#### PROBLEM REQUIREMENTS:
Transcribe exactly, please, the lines from the one containing "Primo piano di" through the end of the records below, and leave out the pictures.

(Web page caption snippets)
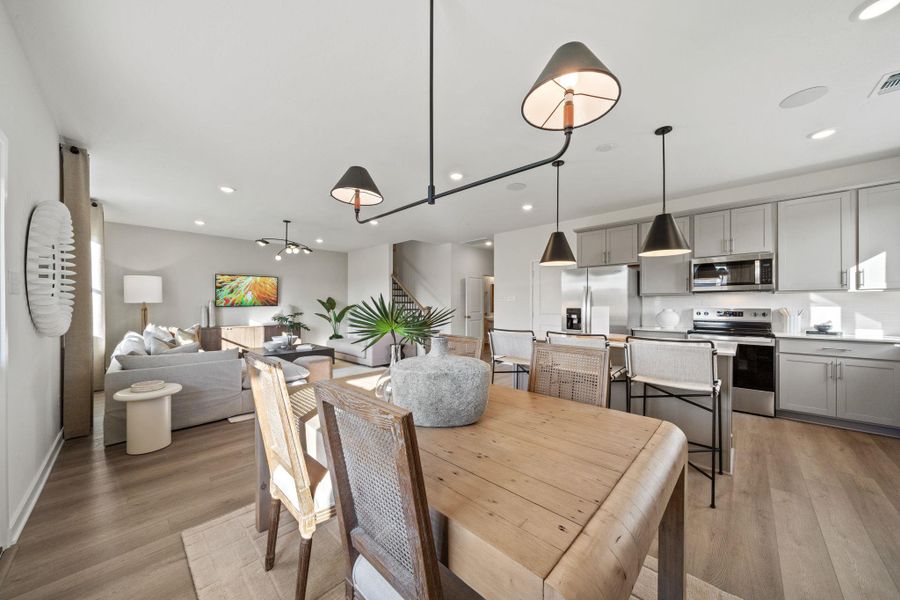 Photo of Pulte model home with same floor plan, not of actual home listed.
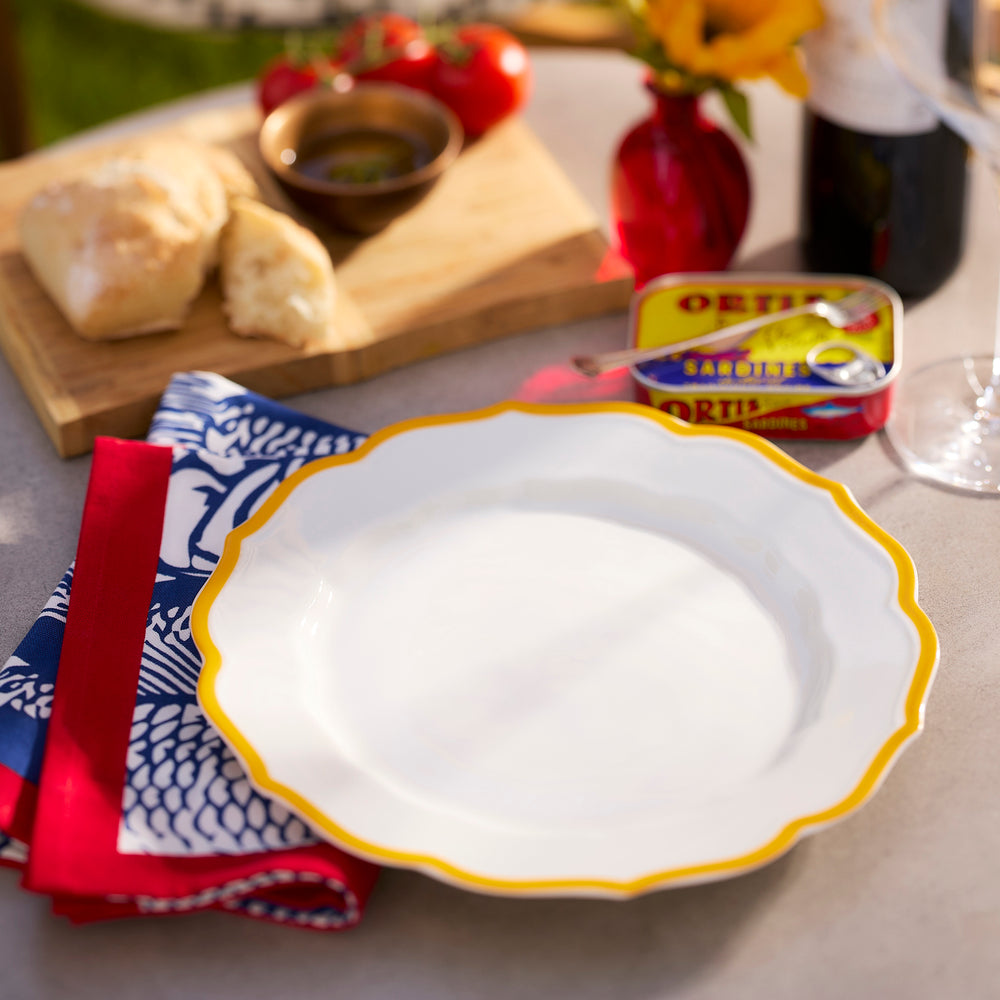 The Caskata Stella Scalloped Marigold Dinner Plate, featuring a yellow rim and white center, is set on the table beside a blue and red napkin, fresh bread, olive oil, tomatoes, canned sardines, and a wine glass for an inviting display.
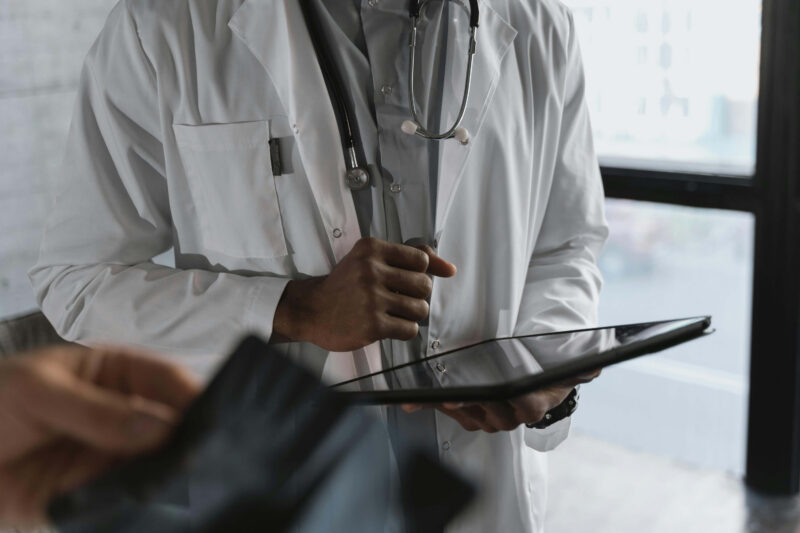 Doctor using iPad with patient nearby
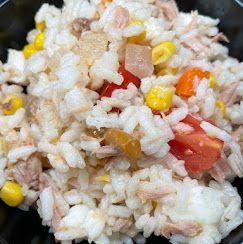 Primo piano di una ciotola di insalata di riso al tonno con mais, pomodori a cubetti e altre verdure.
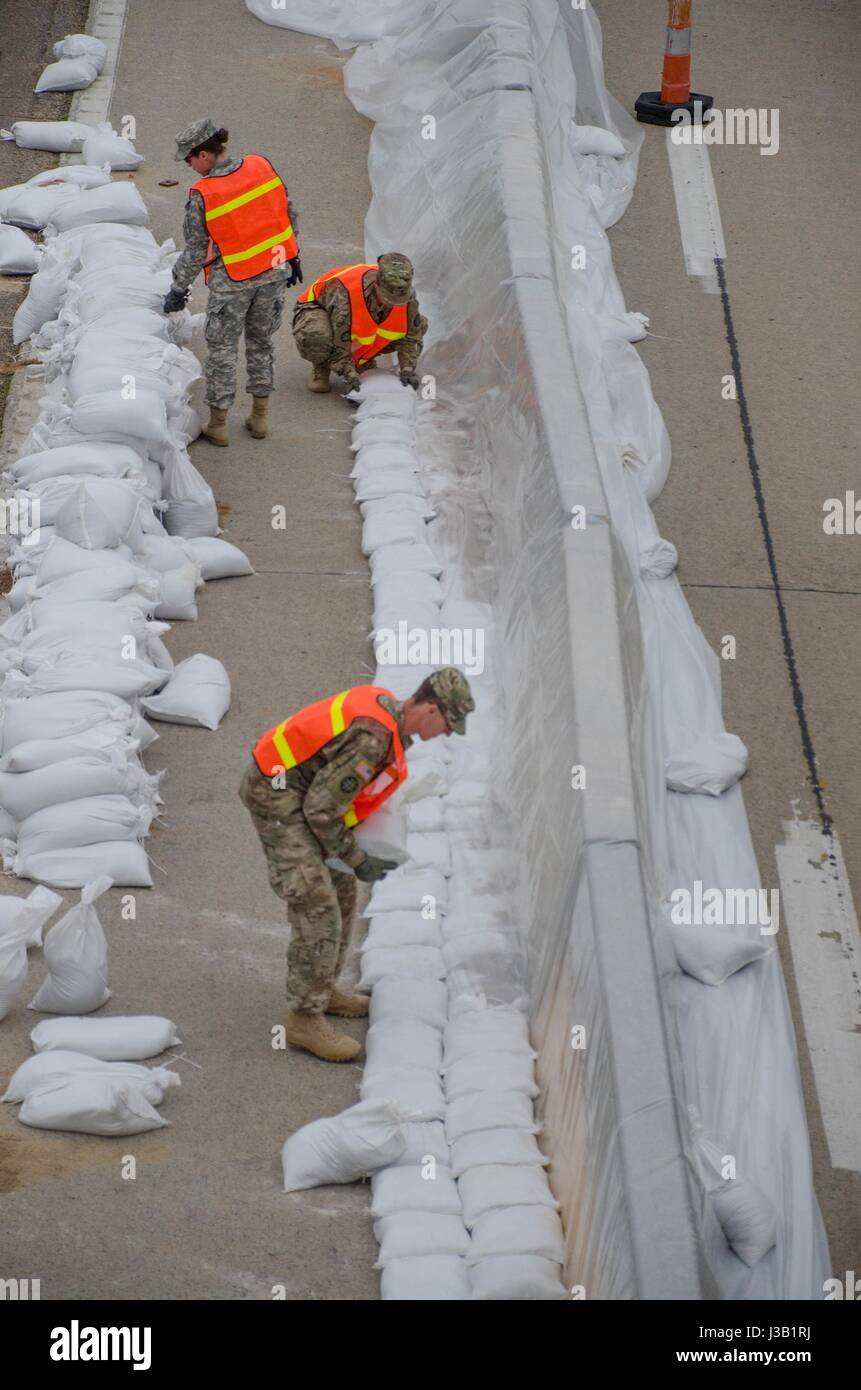 Missouri National Guardsmen work to build a support wall with sandbags to keep floodwaters away from Highway 60 May 3, 2017 in Fisk, Missouri. Historic flooding has swamped towns across Arkansas and Missouri with at least 20 people reported dead. Stock Photo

#### ANSWER FOR THE TASK:
 Primo piano di una ciotola di insalata di riso al tonno con mais, pomodori a cubetti e altre verdure.
 Missouri National Guardsmen work to build a support wall with sandbags to keep floodwaters away from Highway 60 May 3, 2017 in Fisk, Missouri. Historic flooding has swamped towns across Arkansas and Missouri with at least 20 people reported dead. Stock Photo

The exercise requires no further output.